INPUT FOR THIS TASK ::
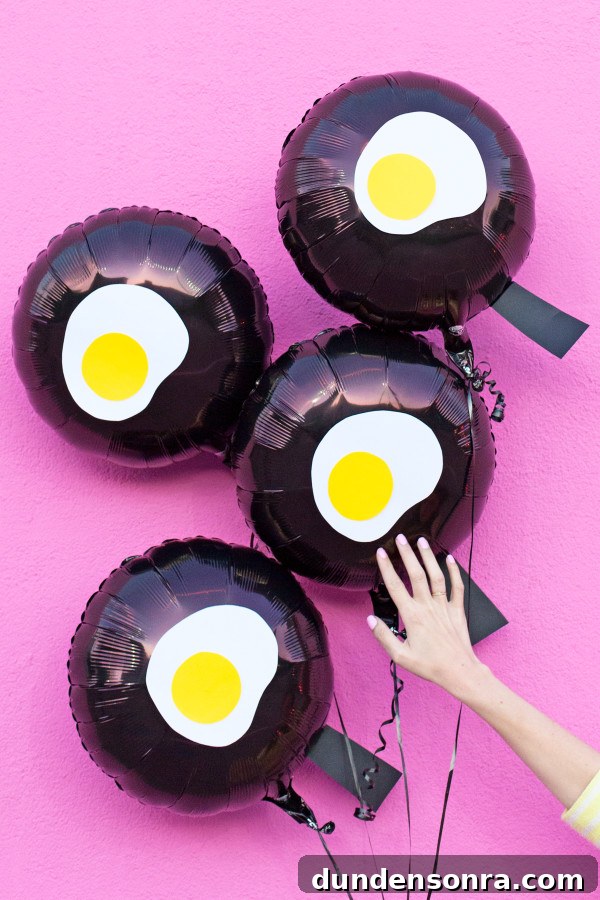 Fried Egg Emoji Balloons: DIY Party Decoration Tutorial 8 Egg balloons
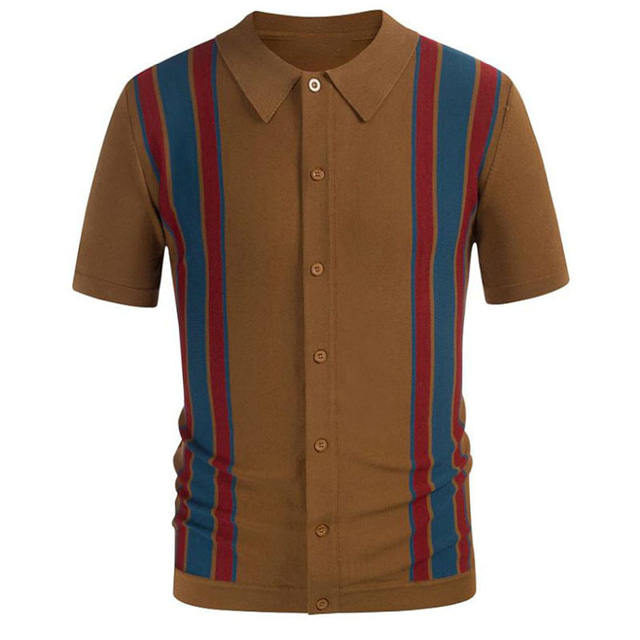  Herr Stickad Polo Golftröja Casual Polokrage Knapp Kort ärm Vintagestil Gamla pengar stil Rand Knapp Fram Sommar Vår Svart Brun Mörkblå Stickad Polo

--

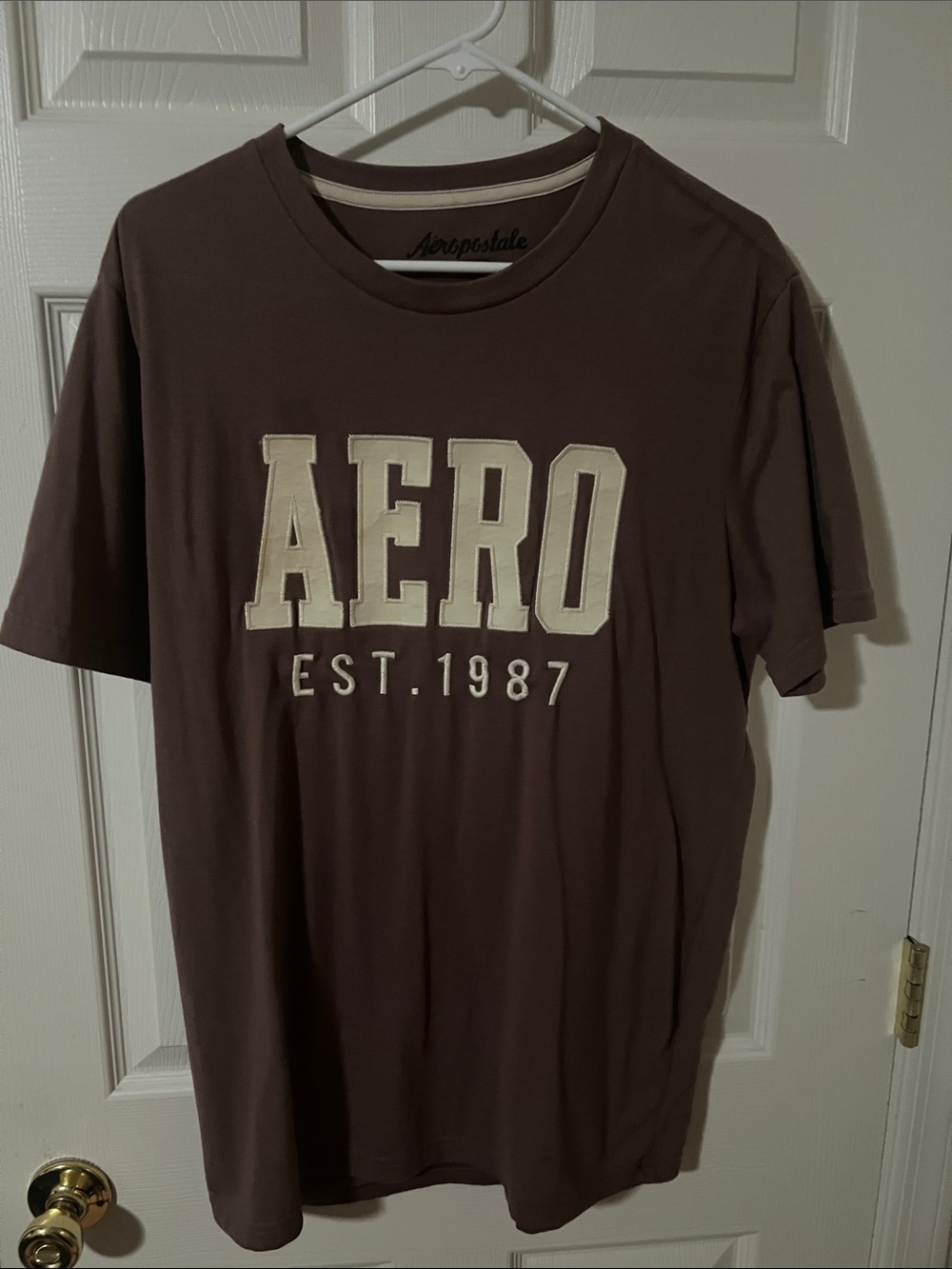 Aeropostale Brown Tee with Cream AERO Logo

---

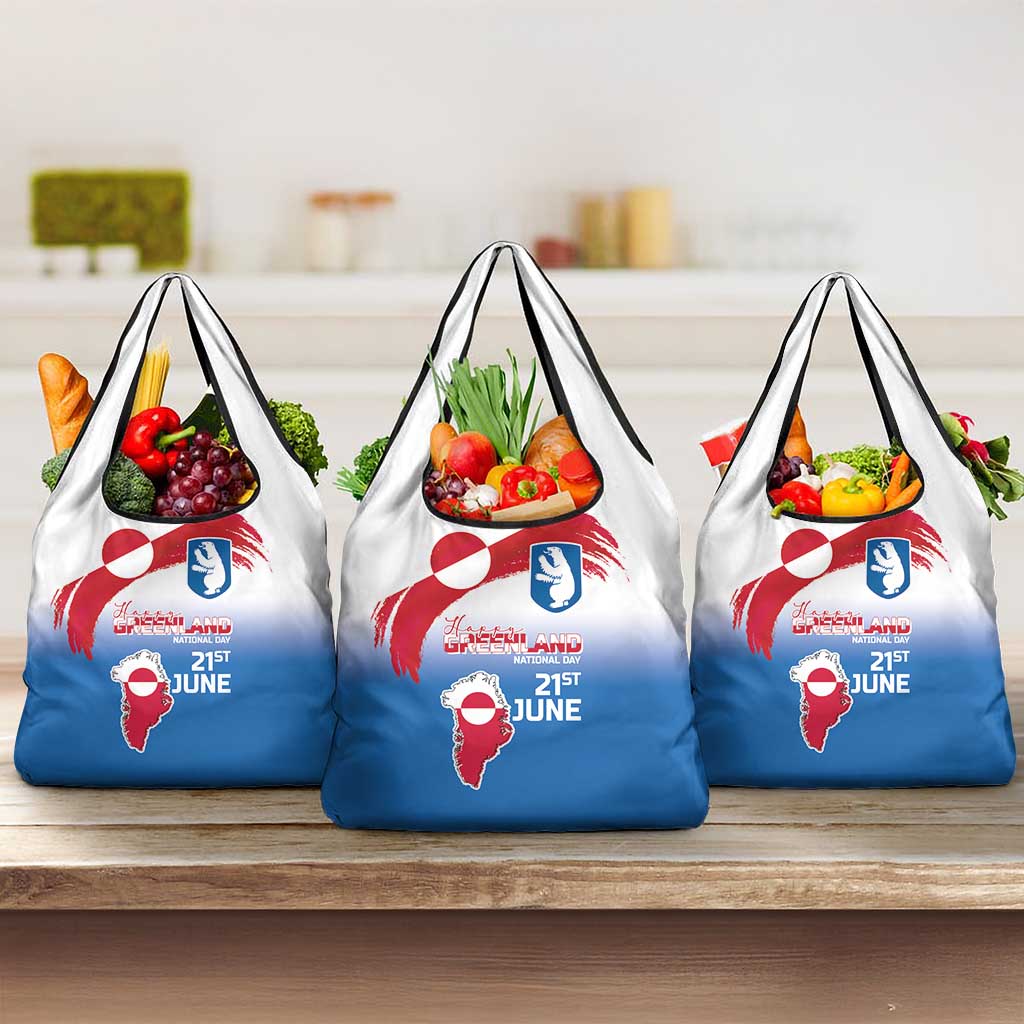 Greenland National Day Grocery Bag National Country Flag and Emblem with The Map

AIM OF THE EXERCISE ::
Take only the lines above from the one that has "Fried Egg Emoji" through the one that has "Herr Stickad Polo" and reproduce them exactly, omitting any pictures.

RESULT BELOW ::
 Fried Egg Emoji Balloons: DIY Party Decoration Tutorial 8 Egg balloons
  Herr Stickad Polo Golftröja Casual Polokrage Knapp Kort ärm Vintagestil Gamla pengar stil Rand Knapp Fram Sommar Vår Svart Brun Mörkblå Stickad Polo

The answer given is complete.